Is there a result about the action of lie groups in compact manifolds that makes this action transitive?
For example:
$SU(2)$ acts transitively on $CP^1$
$Sp(2)$ acts transitively on $S^4$
$SO(3)$ acts transitively on $S^2$
This action given by left action. I can prove the first example using the following: Consider $v \in CP^1$ and $A \in SU(2)$, the left action give me that $Av= x$, where x is linear combination of the first column of A, as $A$ belong $SU(2)$ its columns are orthonormals and belong $CP^1$. But I would like to find some results about action of Lie group over compact manifolds
Here is one general result you can use to prove transitivity.
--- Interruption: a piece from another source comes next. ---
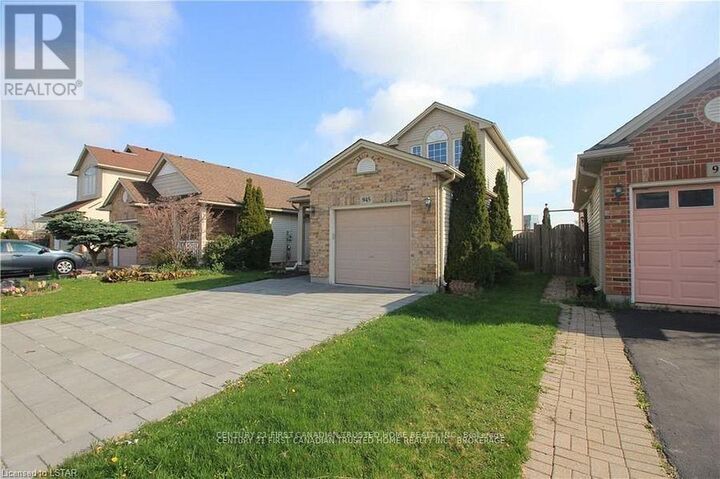 Property Photo: 945 Homeview Court ON N6C 6C1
Suppose that $G$ is a compact Lie group acting on a connectd manifold $X$ and you know the stabilizer $G_x$ of some point $x\in X$. Suppose that you also know that $dim G = dim(X) + dim(G_x)$. Then $G$ acts transitively on $X$. To prove this, observe that $G_x$ is closed in $G$, hence, is a Lie subgroup of $G$ (Cartan's theorem), hence, $G/G_x$ is a manifold of dimension equal to the dimension of $X$. The slice theorem implies that the orbit map $o_x: G\to X, o_x(g)=gx$ descends to an open map $f: G/G_x\to X$. Hence, the image of this map is open in $X$; but $G$ is compact, hence, the image is also closed. Since $X$ is connected, you conclude that the map $f$ is surjective. Hence, the orbit map $o_x$ is also surjective, hence, $G$ acts transitively.